Last Sunday (Mar. 13), 53 people were killed in two terrorist attacks a few hours and 4,500 miles apart.
The victims included a 5-year-old child, students, the director of an international cultural association, the father of a well-known football player, a security guard, two young lovers, a taxi driver, a basketball player, and a 23-year-old man who had lost his best friend in another terrorist attack just a few months earlier.
The attacks happened at a busy square in Ankara, Turkey, and a luxury resort in Grand Bassam, Côte d’Ivoire. They were bloody, senseless, and conducted by cowards intent on spreading panic and fear. And almost nobody seemed to care.
In a now familiar pattern, these deaths went essentially unnoticed by the world at large. Unlike what has happened following attacks in Western countries—or, more generally, countries that we consider safe—there was no frenzy. People weren’t frantically searching for updates; the news stations didn’t send reporters to breathlessly cover every minute development. In fact, a few days later, many details of the attacks remain unreported, particularly about what’s being called the “Ivory Coast Attack” (which, by the way, is like calling the attacks in San Bernardino, California,“the United States attack”).
What time did the attack happen? Who were the people who died? It’s been reported that one young victim, under five years old, was shot next to another child for not getting on his knees and praying (the other child did so, and was spared). Among the victims were “foreign citizens from Burkina Faso, Cameroon, France, Germany, and Mali.” We know that one of the men killed, Henrike Grohs, 51, was the head of a local branch of the Goethe-Institut.
Even about Ankara, local sites are circulating lists of victims, but there is little in the way of international outrage or social media solidarity. No one is Ankara. No one is Grand Bassam.
But then again, no one was Istanbul, when an attack occurred earlier this year. No one was Bodo (Cameroon), Jakarta (Indonesia), Ouagadougou (Burkina Faso), or Charsadda, (Pakistan).
We don’t know, we don’t care, and we don’t care to know. It’s a vicious cycle.
The numbers of terrorist attacks keeps growing. Just today, we received news that an estimated 22 worshipers were killed by suicide bombers in a mosque in another attack in the Nigerian city of Maiduguri. The tally of terrorists attacks has surpassed 200 in 2016 alone: How many of them can you remember? For how many of the victims, and their loved ones, did you show actual empathy?
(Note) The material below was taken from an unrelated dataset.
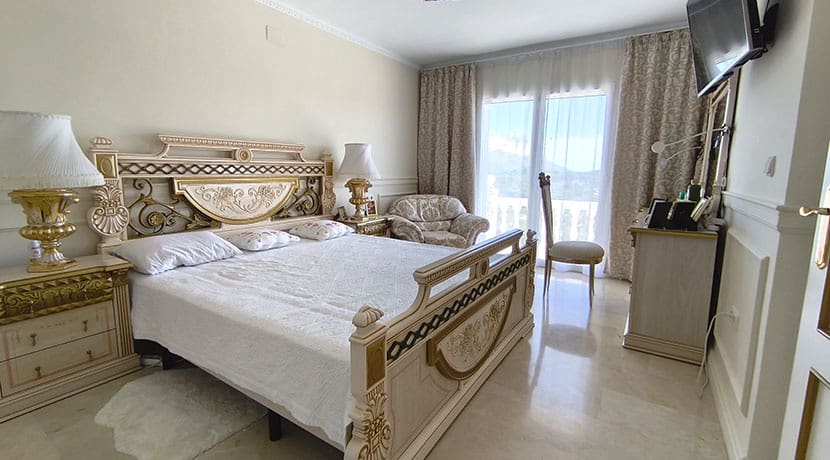 6 bedroom Villa for sale in La Sella with pool garage - € 1,950,000 (Ref: 10040100)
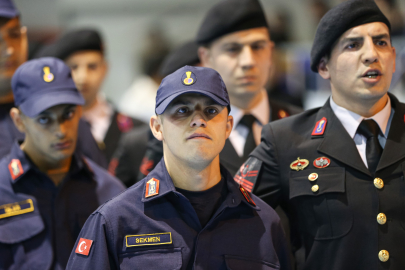 Bursa'da bir günlüğüne asker olan engelli gençler tezkere aldı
To be clear, this is not a scolding. It’s natural that tragedies and horrors impact us far more when they happen closer to us—geographically and culturally. Even as technological advancements has made many of us feel more connected than ever, those existing freely in the public, digital arena are still disproportionally Western and privileged. When something happens in Paris, or London, or Madrid, we perceive it as happening in parts of the world we consider “safe”—that is, our physical world.
For Africa, central Asia, the Middle East, the implications are different. They are the places most of us like to visit, but few of us would like to live in. And so we feel less connected to those people, and their tragedies. We do not feel they are our tragedy.
It’s hypocritical, disappointing, and perhaps unavoidably human.
Empathy, like all emotions, can’t be demanded. And yet, there can and must be a middle ground between the outpouring of solidarity we see when a terror attack strikes a Western country and the complete silence when it hits people we consider somehow other.
At its most basic, the fight against terrorism has two sides—those trying to incite fear and those who must fight that fear. Whether in New York or Mogadishu, the victims of terrorism represent the casualties of a war they—we—didn’t choose, one with an ever-moving frontline they happened to be at, on the wrong day.
It’s an impossible war, resistant to traditional armies. Perhaps the most effective weapons are intangible: empathy, and resilience.
We’re reminded of the importance of resilience whenever an attack happens. We know that returning to some semblance of a normal life after an attack is the ultimate revenge, and targets the root of the terrorist’s power source.
But empathy, too, is incredibly important. In its absence, men and women consumed by hatred become willing to kill innocents in the name of hate. Isn’t that what terrorism ultimately is? We must do the opposite, and embody empathy as much as we can.
If we can’t care about every dead, we can make an effort to know, to name, and to honor our sisters and brothers in arms—the mothers and fathers and children and friends who are killed, daily, by an evil that knows no compassion. Sometimes it feels like it’s just too many to keep a count—but we have the moral duty to at least try.
Because they could be us—they are us.